Image from Jalopnik.com, “Meet Camilla”
“Einstein and an Alien: Faulkner’s Tools for Building a Better Chicken House”
Abstract for workshop/paper I will give at the 2015 Faulkner and Yoknapatawpha Conference, in Oxford, MS.
Einstein and aliens: In the early 1920s, these subjects had no place in a southern literary landscape usually populated by plantations and antebellum nostalgia. That’s probably why a couple of William Faulkner’s friends, Julius Weis Friend and Albert Goldstein, editors of the New Orleans-based little magazine, the Double Dealer, published a short story entitled “The Rider through Relativity.” Written by Herman George Scheffauer, it appeared in that magazine’s March 1921, issue. With an alien as one of the protagonists and clear references to Einstein’s relativity theory, this story suited the editors’ aims for their publication, which in the influential cultural critic H. L. Mencken’s words, “doesn’t give a damn for the old gods.” And as U.S. newspaper and magazine editors often reminded their readers at the time, Albert Einstein’s theory of relativity challenged the old god Newton, his laws of motion, and claims about the nature of gravity, time and space.
“The Rider through Relativity” is a part of the lively and imaginative discourse about Einstein and relativity theory that appeared in the mainstream and avant-garde press beginning in late 1919, following confirmation of the theory by British astronomers. Scheffauer’s short story uses the alien and literature’s more traditional activity of suicide to demonstrate relativity theory’s claim that linear time is a powerful illusion by imagining a reality where that illusion has been dispelled and, therefore, nothing can ever be lost to the past.
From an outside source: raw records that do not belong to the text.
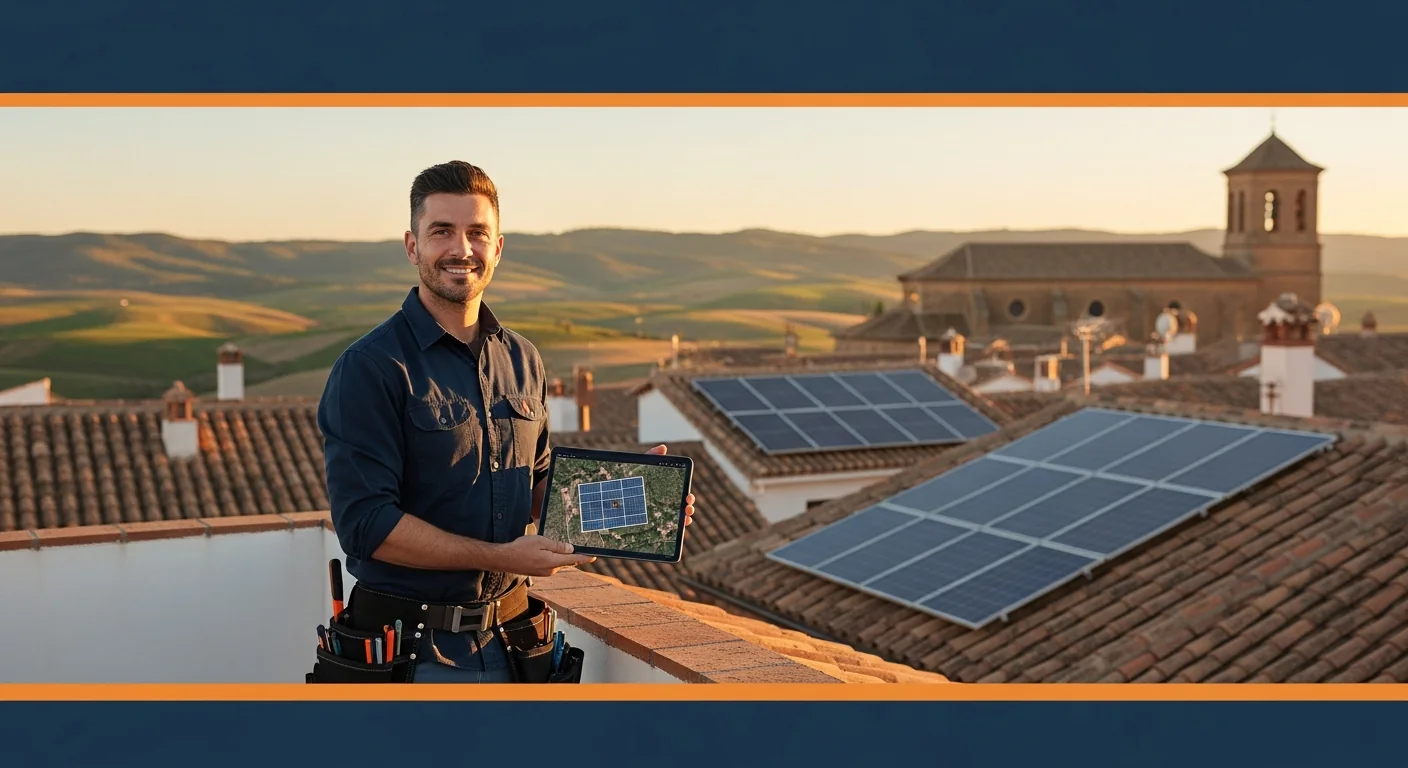 Instalador fotovoltaico usando el software SolarMaps sobre un tejado en España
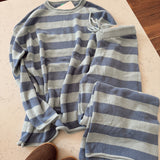 Blue & Dusty Blue Striped Knit Set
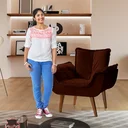 Ver mais imagens de Poltrona Decorativa Estofada Eros Montana Estofados Veludo Marrom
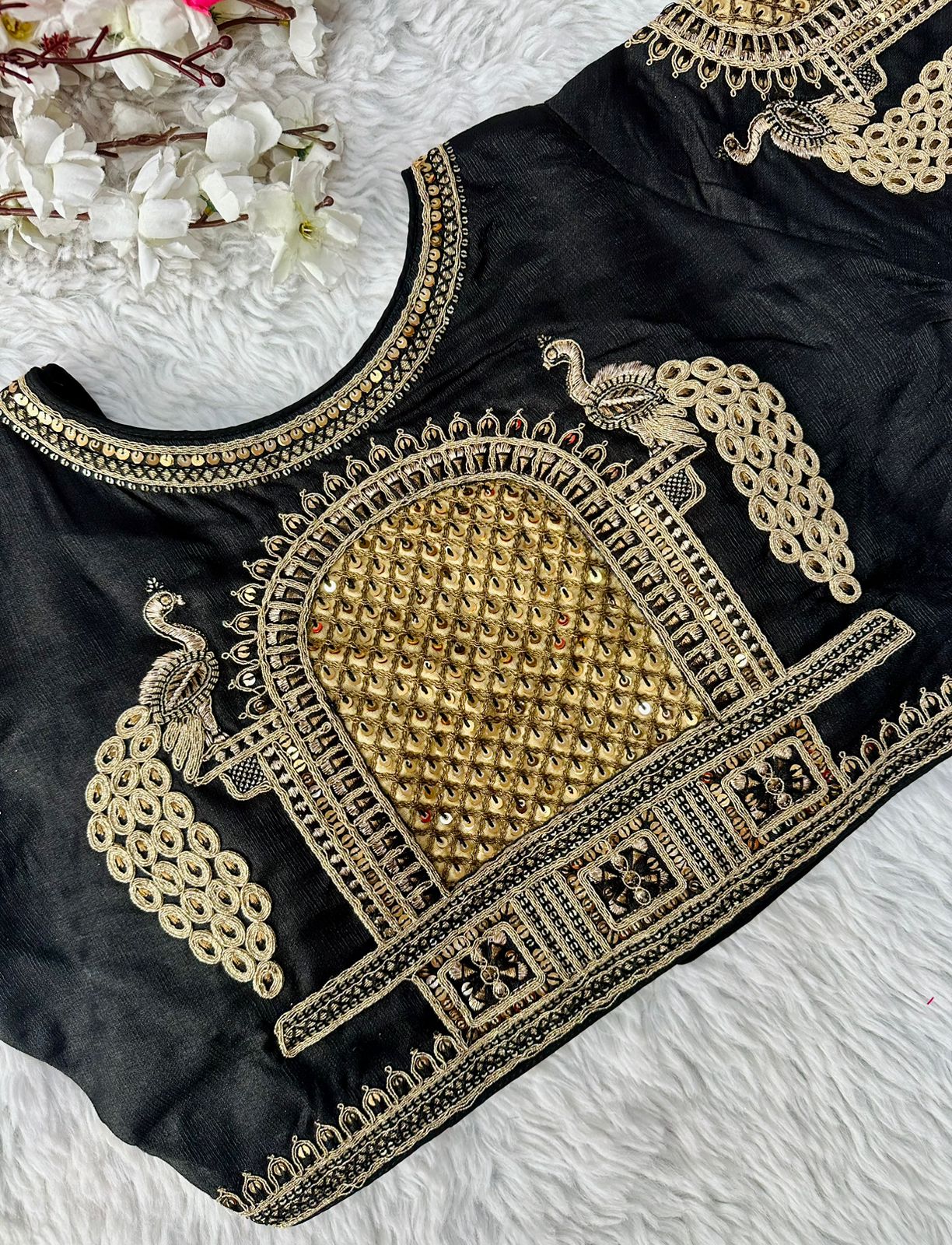 ClothsVilla Black Watermelon Silk Blouse with Beautiful Cording and Hand-Touched Sequins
This paper argues that Scheffauer’s story, the national conversation about Einstein, the theory’s notions about time that appeared in the American press, and the theory’s basic concept about the nature of time, all play an important, if subtle, role in Faulkner’s faceted approach to time in The Sound and the Fury. This paper focuses on Quentin’s section (the second section of the novel) to explore Faulkner’s consideration of how the experience of linear time may be especially oppressive during periods of loss. In doing so, he implicitly considers the challenges and possibilities relativity theory posed to the human perception of time and the meaning of personal loss.